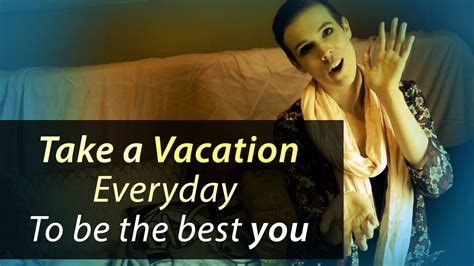 Take a Vacation Every Day to Help YOU and Others- Here's Why - YouTube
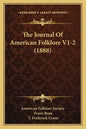 The Journal Of American Folklore V1-2 (1888) - Paperback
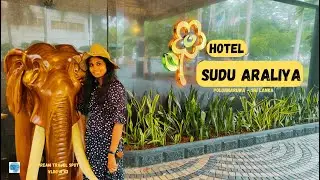 Hotel Sudu Araliya Polonnaruwa | Luxurious & Unforgettable Experience | Dream Travel Spot | VLOG #42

§ YOUR TASK: Leaving out all pictures, transcribe the listing exactly.

§ EXERCISE SOLUTION:
 Take a Vacation Every Day to Help YOU and Others- Here's Why - YouTube
 The Journal Of American Folklore V1-2 (1888) - Paperback
 Hotel Sudu Araliya Polonnaruwa | Luxurious & Unforgettable Experience | Dream Travel Spot | VLOG #42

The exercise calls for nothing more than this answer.